[Start of Attachment]
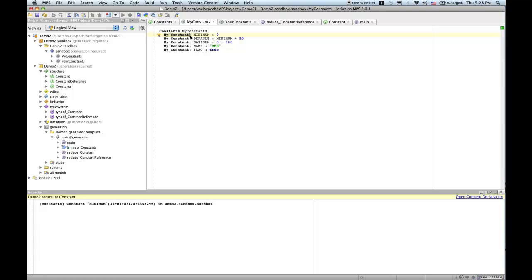Hello everybody. Welcome again to this beginners MPS screencast series. This time I want to talk about text generation.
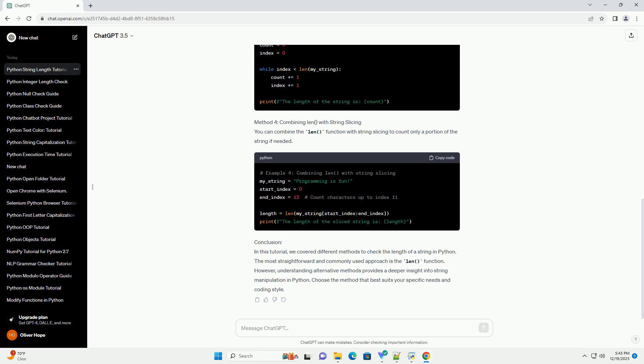Method 3: Using a While Loop. Similar to the iterative approach, you can use a while loop to count the characters in the string until the end is reached.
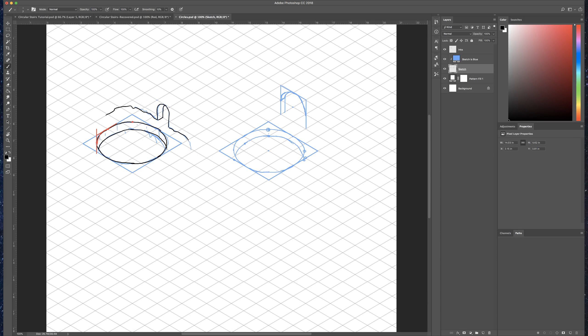So you can do lots of things with circles. That's just a couple of examples. And next video, you should expect to see some circular stairs. I hope that was useful. And if you have any comments, feel free to throw them in the bottom. And I'll see you soon.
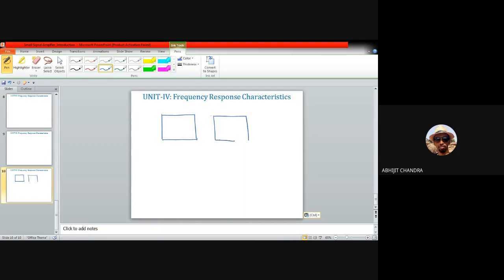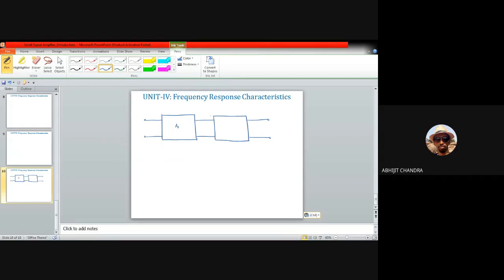In a two-stage cascade, the first amplifier has its input port, and its output port is connected to the input port of the second stage. The output of the second stage is the final output. The first amplifier has a voltage gain av1 and the second has a voltage gain av2.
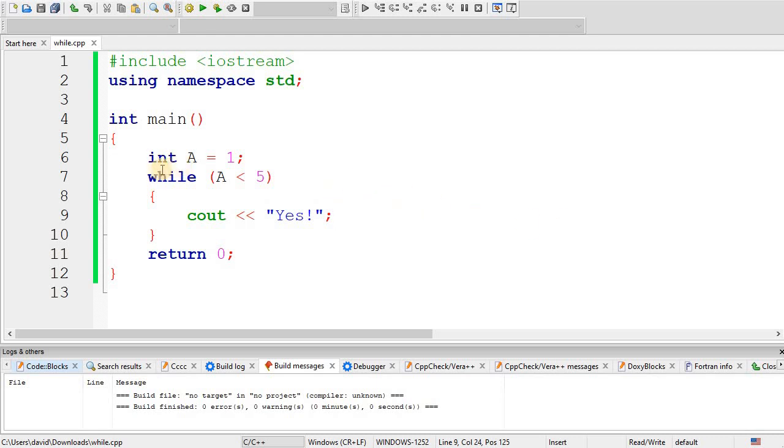So whenever you do a loop, you need to make sure there's some way for your condition to eventually become false.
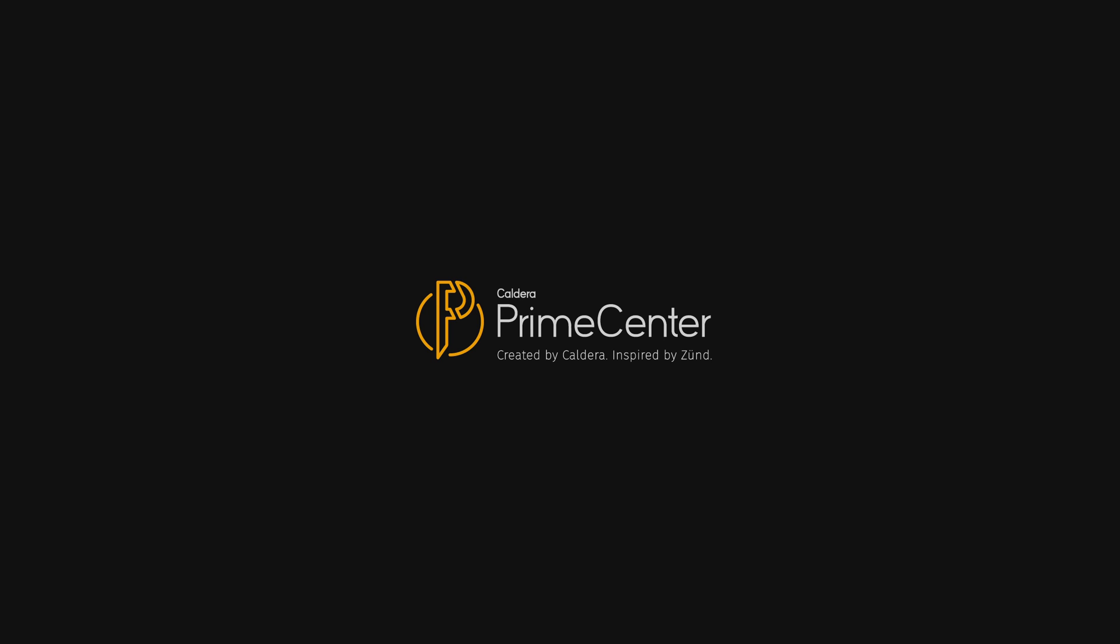Don't hesitate to get in touch with us for a full demonstration of Prime Center and stay tuned.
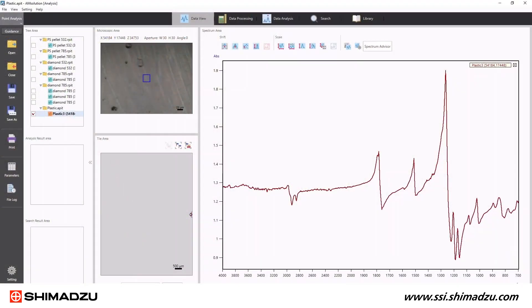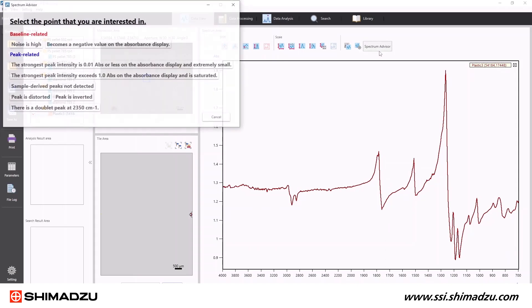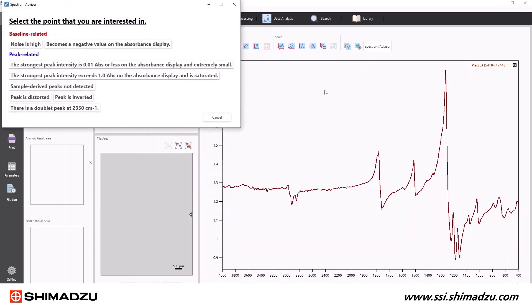FTIR and Raman spectroscopy are inherently sensitive techniques, especially on the micro scale. A seemingly small measurement parameter can make a spectrum look noisy or have peaks that look inverted. The AirSight's AM Solution software has a built-in patent-pending Spectrum Advisor program to help users troubleshoot their spectrum.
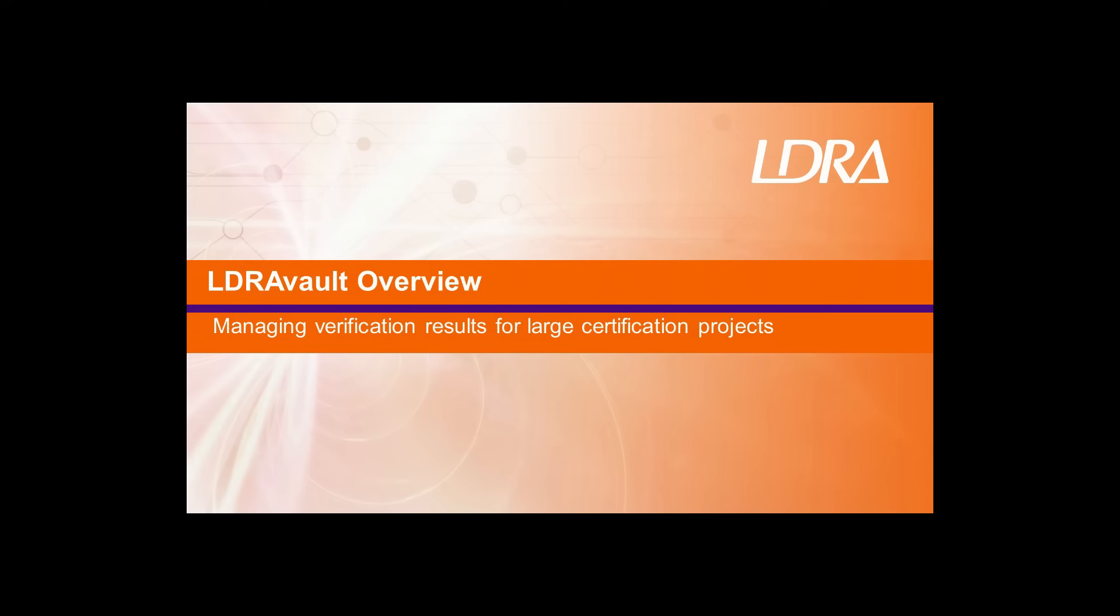In this video, I'll be introducing LDRA Vault as a powerful web interface that automatically aggregates reports and results from the LDRA tool suite across multiple programs, projects, and even between OEMs and their suppliers.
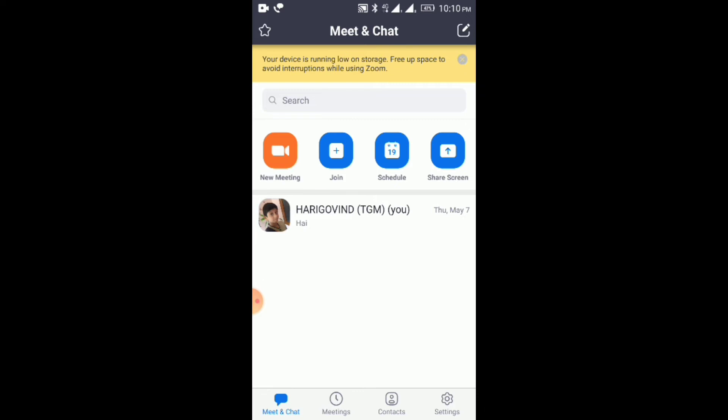There are options: New Meeting, Join, Schedule, and Share Screen.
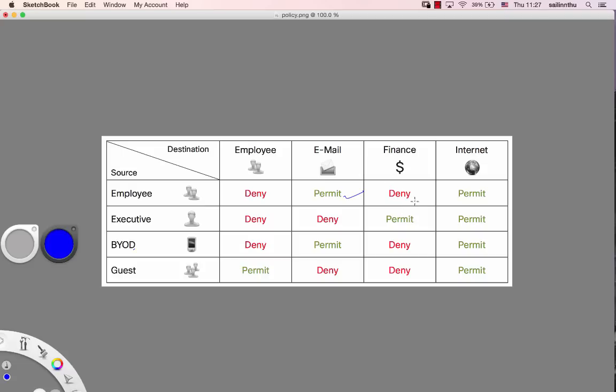The policy tonight: Guest can access internet only. Executive can access email, so tonight is different. Email is permitted, and finance will also be permitted for Executive. But Executive may not have access to everything.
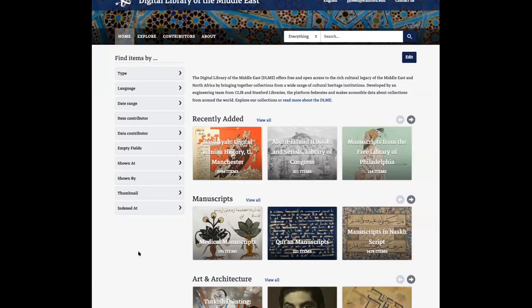Welcome to the Sprint 3 demo for the Digital Library of the Middle East, winter 2021 work cycle. I'm going to kick this demo off by talking about some updates made to the homepage. One thing we've added is a link to the DLME icon in the upper left-hand corner, which we'll use here in a little bit.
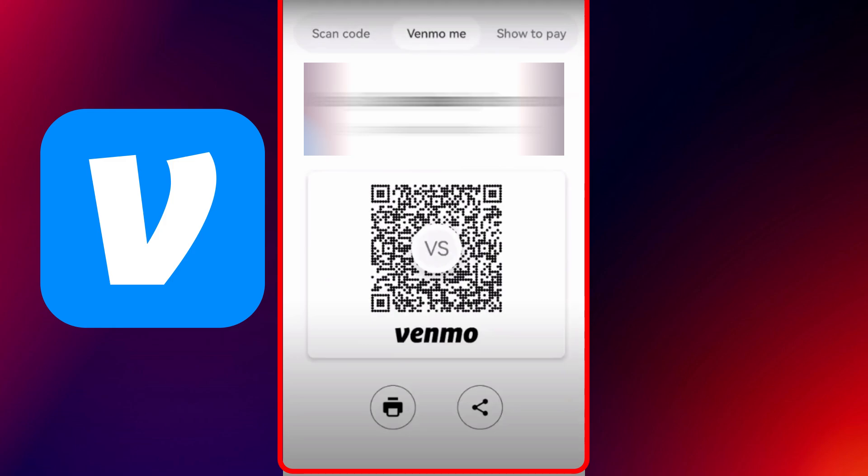To view and share your own QR code, tap on Venmo me. This will highlight your QR code along with a share icon, either on the top or bottom of the screen. Tap that share button.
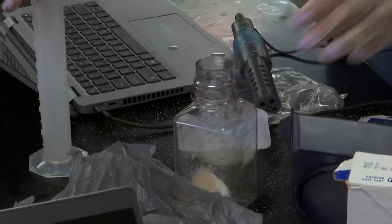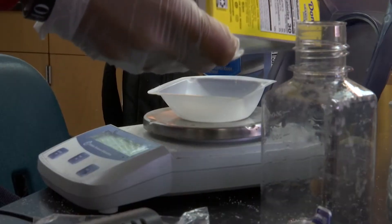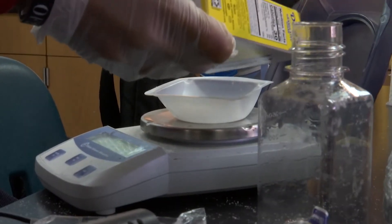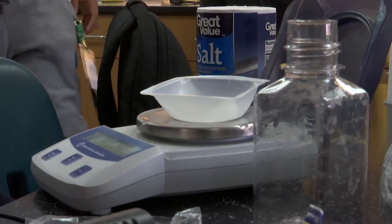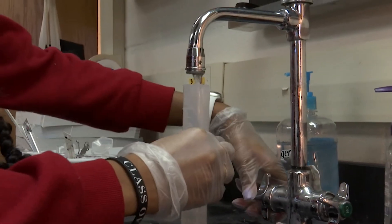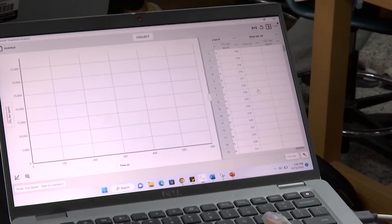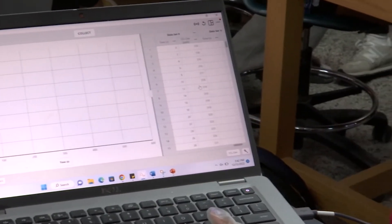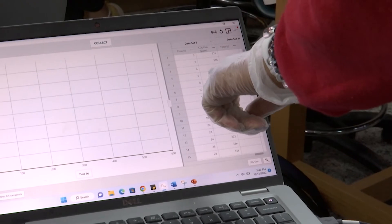I'm measuring the rate of sucrose concentration and how it affects the rate of fermentation on yeast — essentially, if you are baking, how much sugar and yeast mixed together would make the bread rise. Over here you'll see the different ones when they start.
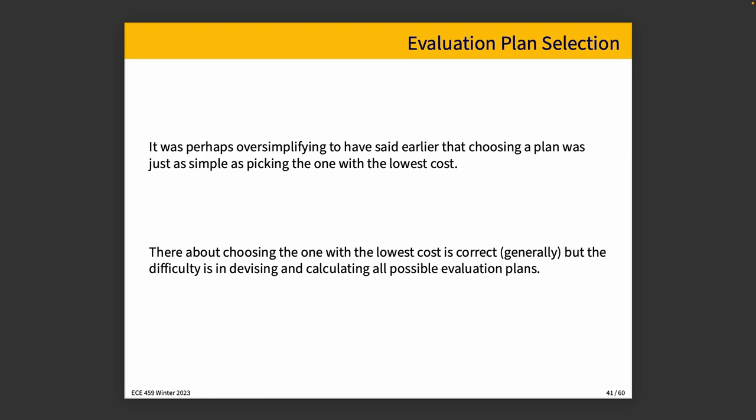It was perhaps oversimplifying to have said earlier that choosing a plan was as simple as just picking the one with the lowest cost. I mean, there is more to it than that.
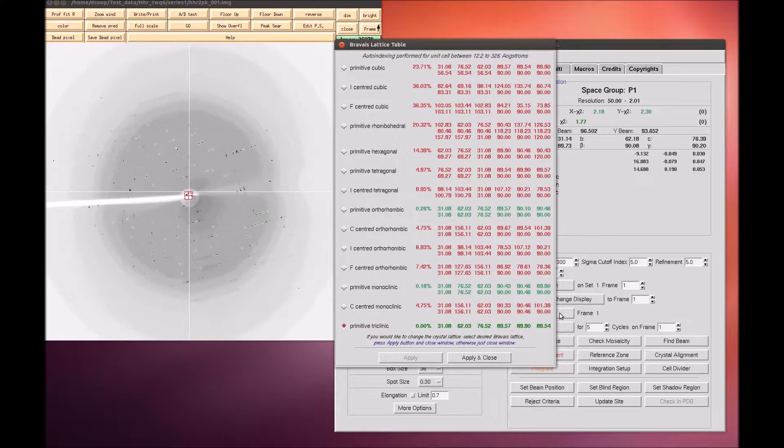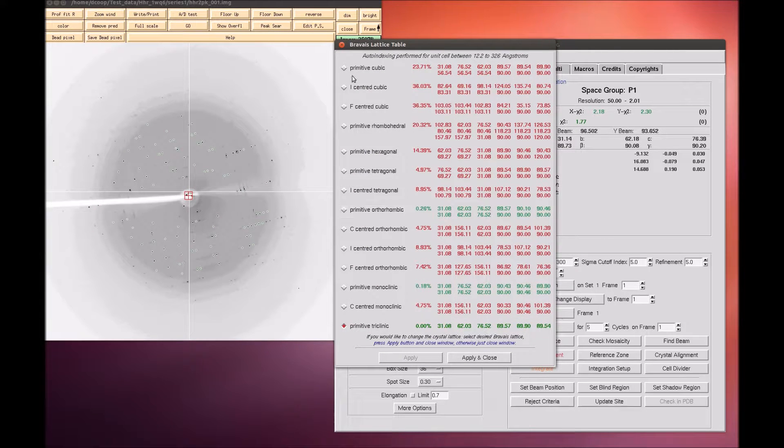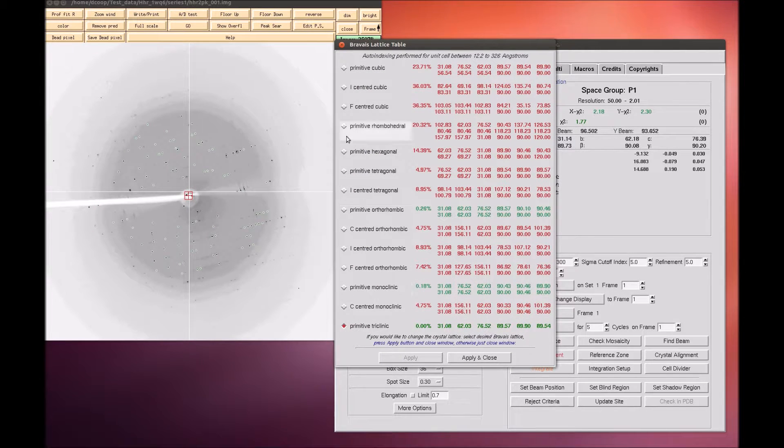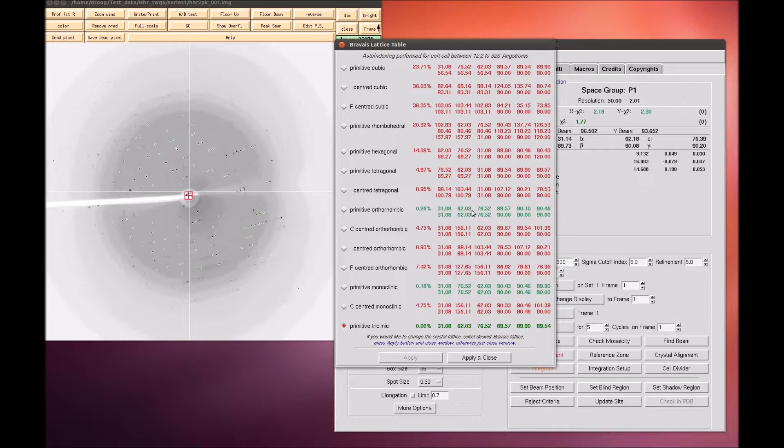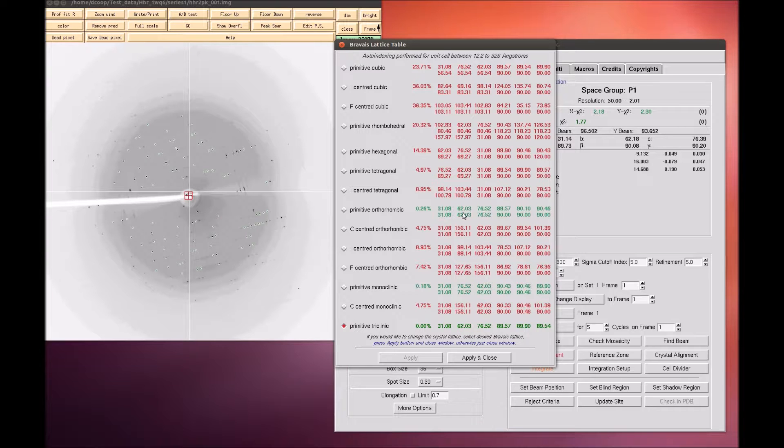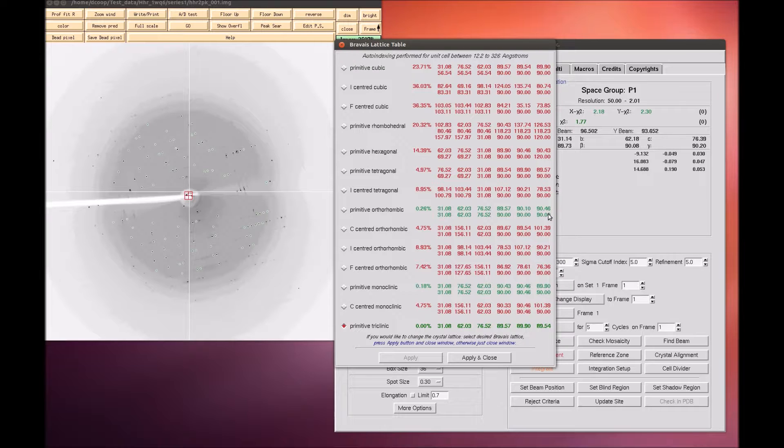The Index button will try to auto-index the peaks into all of the Bravais lattice types and presents a table with the Bravais lattice types ordered from higher to lower symmetry from top to bottom. Each crystal class is presented with two unit cell values. The top is a primitive triclinic unit cell that fits the data and is closest to the unit cell that is compatible with that crystal class. And then the second row is the unit cell that would be necessary for that crystal class.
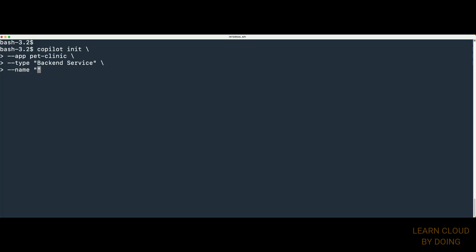otherwise Copilot won't be able to build a Docker image for the Pet Clinic API. Then, use your terminal to type and run the following command.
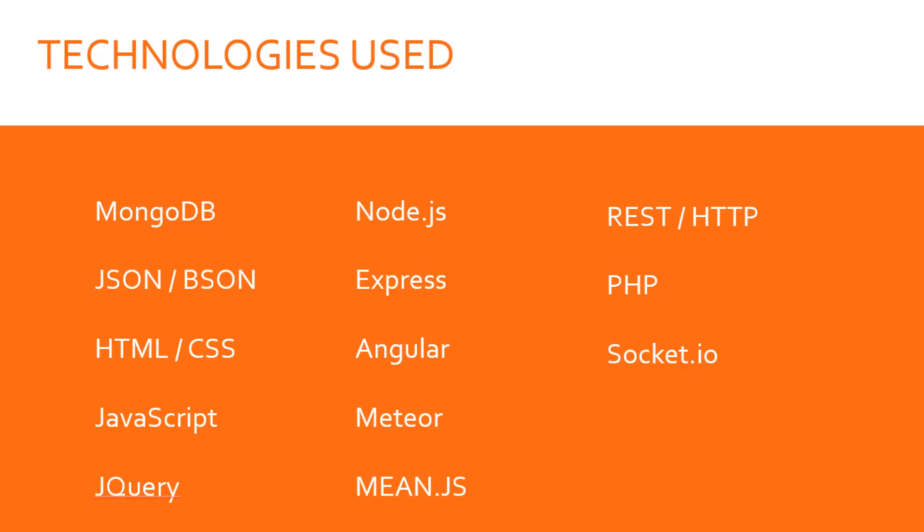Technologies used: MongoDB is just a database, so we're going to have to use a bunch of other technologies to actually build something and have a project. We'll be learning about things like Node.js, Express, Angular, Meteor.js, Mean.js, and jQuery.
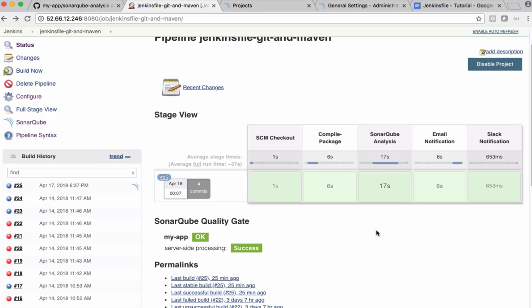We have seen how to publish the source code to a SonarQube server. The next step is if quality gate status is failed, we want to mark this Jenkins build as failed. Otherwise, we want to succeed the build. Let me show this pipeline syntax using which we can achieve this requirement.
[End of Attachment]
[Exercise] Reproduce exactly, and only, the lines from the one containing "It was perhaps" through the last line of the records above, both included, leaving out any pictures.

[Output for this task]
It was perhaps oversimplifying to have said earlier that choosing a plan was as simple as just picking the one with the lowest cost. I mean, there is more to it than that.
The Index button will try to auto-index the peaks into all of the Bravais lattice types and presents a table with the Bravais lattice types ordered from higher to lower symmetry from top to bottom. Each crystal class is presented with two unit cell values. The top is a primitive triclinic unit cell that fits the data and is closest to the unit cell that is compatible with that crystal class. And then the second row is the unit cell that would be necessary for that crystal class.
otherwise Copilot won't be able to build a Docker image for the Pet Clinic API. Then, use your terminal to type and run the following command.
Technologies used: MongoDB is just a database, so we're going to have to use a bunch of other technologies to actually build something and have a project. We'll be learning about things like Node.js, Express, Angular, Meteor.js, Mean.js, and jQuery.
We have seen how to publish the source code to a SonarQube server. The next step is if quality gate status is failed, we want to mark this Jenkins build as failed. Otherwise, we want to succeed the build. Let me show this pipeline syntax using which we can achieve this requirement.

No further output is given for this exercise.